Понедельник, 27 июля. Читаем первые страницы «Лолиты» Набокова. Борхес: «Я бы поостерегся читать эту книгу. Пожалуй, она очень вредна для писателя. Чувствуешь, что писать иначе невозможно. Сразу начинаешь обезьянничать перед читателем, фокусничаешь, достаешь цилиндр и кролика, мельтешишь, как Фреголи[35]».
Воскресенье, 23 августа. Борхес: «Важно, не чтобы читатель верил прочитанному, а чтобы он чувствовал, что писатель верит написанному».
Четверг, 27 августа. Борхес: «Всегда мечтал обзавестись ‘Большим Брокгаузом’; это была энциклопедия в двадцати с чем-то томах; сейчас мне попался на глаза ‘Большой Брокгауз’ в двенадцати томах. Наше время ошибается, считая энциклопедии справочным материалом, а не книгами для чтения. Раньше энциклопедия была целой библиотекой, с историей китайской литературы, историей крестовых походов, биографией Мильтона».
Четверг, 3 сентября. Читаем сонеты Гонгоры. <…> Борхес: «Видишь? Лучшие стихи Кеведо написал Гонгора».
Воскресенье, 13 сентября. Кажется, Неруда утверждал, что важно не стихотворение, а все, что вокруг. Борхес (пародируя): «Важен не этот нож, а контекст, астрономия. Неужели он не боится, что рано или поздно все увидят: это же всего лишь видимость мысли?»

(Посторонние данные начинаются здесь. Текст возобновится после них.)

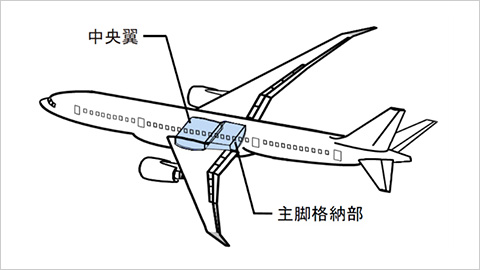 SUBARU　大型航空機中央翼製造累計3,000機を達成（2023年5月26日）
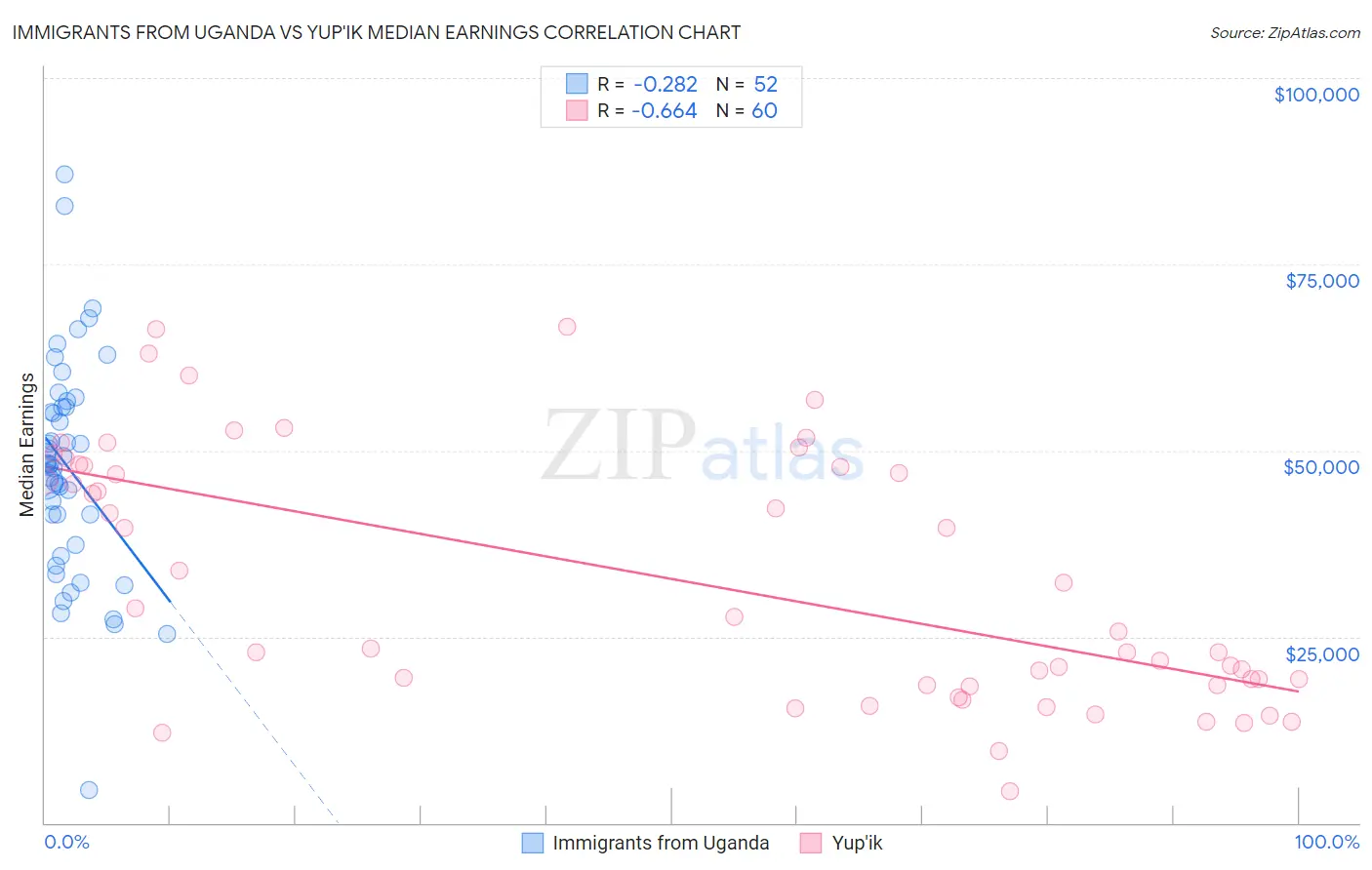 Immigrants from Uganda vs Yup'ik Median Earnings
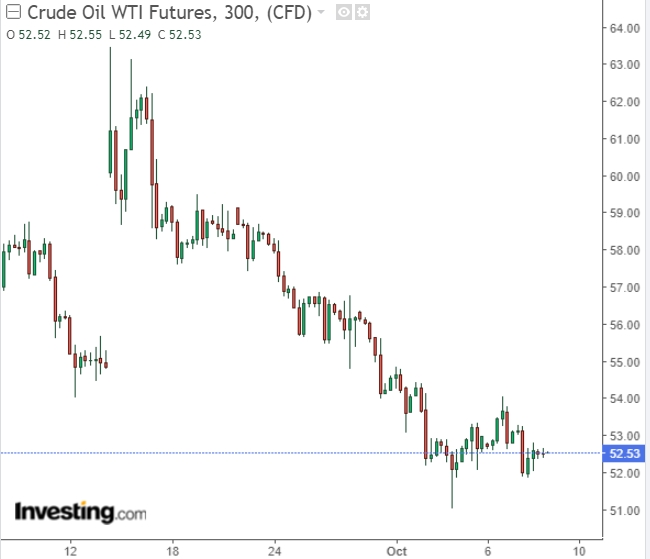 Giá dầu 'rơi' phiên thứ ba do căng thẳng thương mại Mỹ - Trung đe dọa giảm nhu cầu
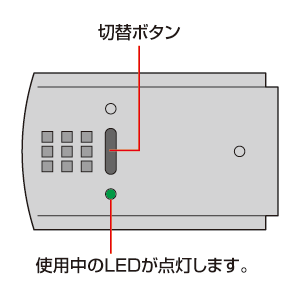 USB-HUB2SW44 / 切替器付USB2.0ハブ（4ポート）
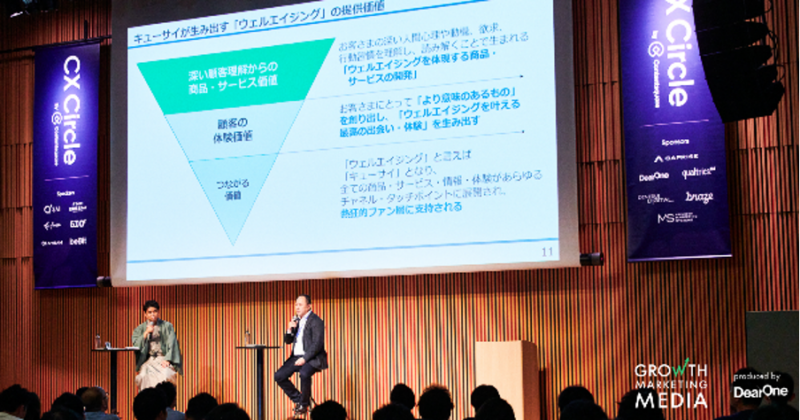 Contentsquare Japan カントリーマネージャー　伊奈 憲一郎氏＆キューサイ 代表取締役社長　佐伯 澄氏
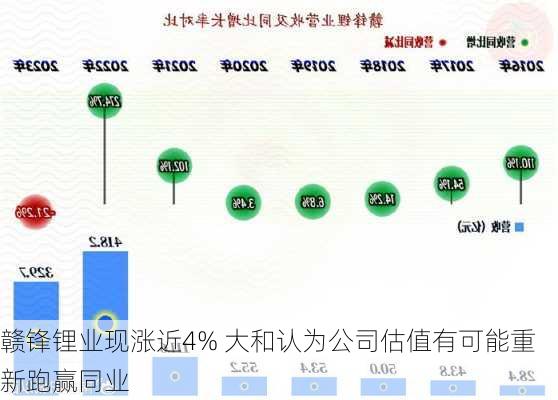 赣锋锂业现涨近4% 大和认为公司估值有可能重新跑赢同业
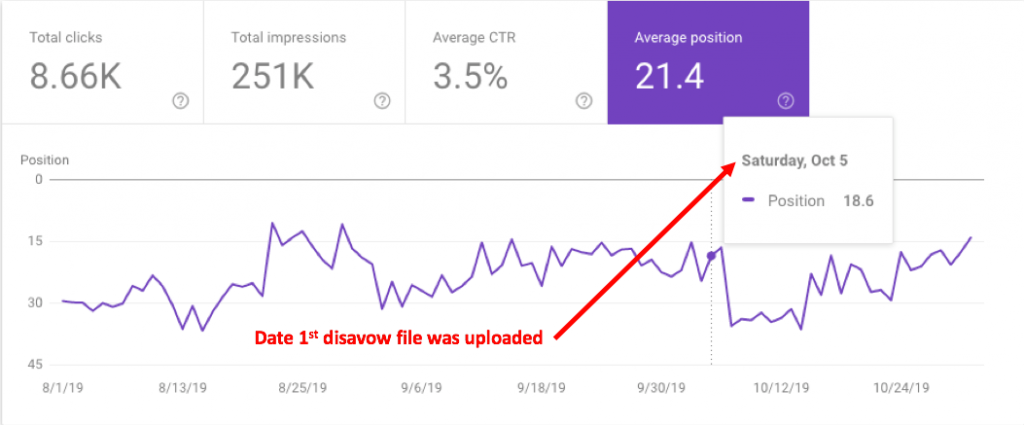 Screeshot della Googel Search Console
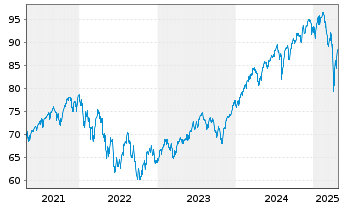 Chart iShsV-MSCI Wo.EUR Hgd U.ETF(A) - 5 années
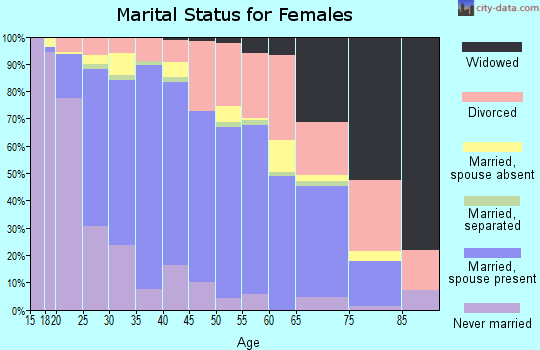 Zip code 99507 marital status for females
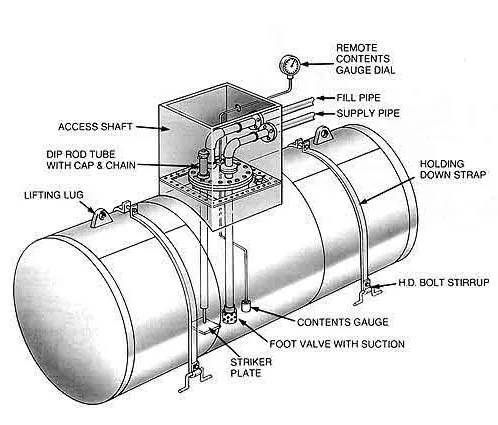 BELOW GROUND SINGLE SKIN STAINLESS STEEL TYPICAL ARRANGEMENT TANK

Понедельник, 14 сентября. Борхес: «Кафка мыслил притчами. Наверняка у него не было иных объяснений для своих рассказов, кроме сказанного в тексте; коротко говоря, его тема — отношения человека с непостижимым богом и космосом. Бог из финала книги Иова, Бог, повелевающий Левиафану, — вот бог Кафки, бог совершенно непостижимый… Мой отец говорил, что есть люди, например гаучо, способные мыслить лишь образами, и что знаменитые притчи из Евангелия доказывают: Христос был одним из таких людей. <…>. Он говорил образами, поскольку мог мыслить только образами».
Воскресенье, 27 сентября. Борхес: «Кафка изобрел совершенно новый вид повествования, но в отличие от всех изобретателей-предшественников умел использовать свое изобретение с необыкновенной расчетливостью и проницательностью, сведя элементы к минимуму. Эта простота композиций — одна из его главных заслуг». <…> Бьой: «Если сравнить Джойса с Кафкой, Джойс предстает этаким Бретоном или Тцара[36]». Борхес: «У Джойса есть очень красивые фразы». Бьой: «Достоинства Джойса — в таланте слова и риторических способностях, которые поднимают его до высот подлинного красноречия; а недостатки в том, что он недалек и не способен выстроить произведение. Кафка — необыкновенное существо (не только как писатель, но и как человек). Сочинения Кафки интересны человеку; сочинения Джойса — стилисту. Джойс — это своего рода Кеведо».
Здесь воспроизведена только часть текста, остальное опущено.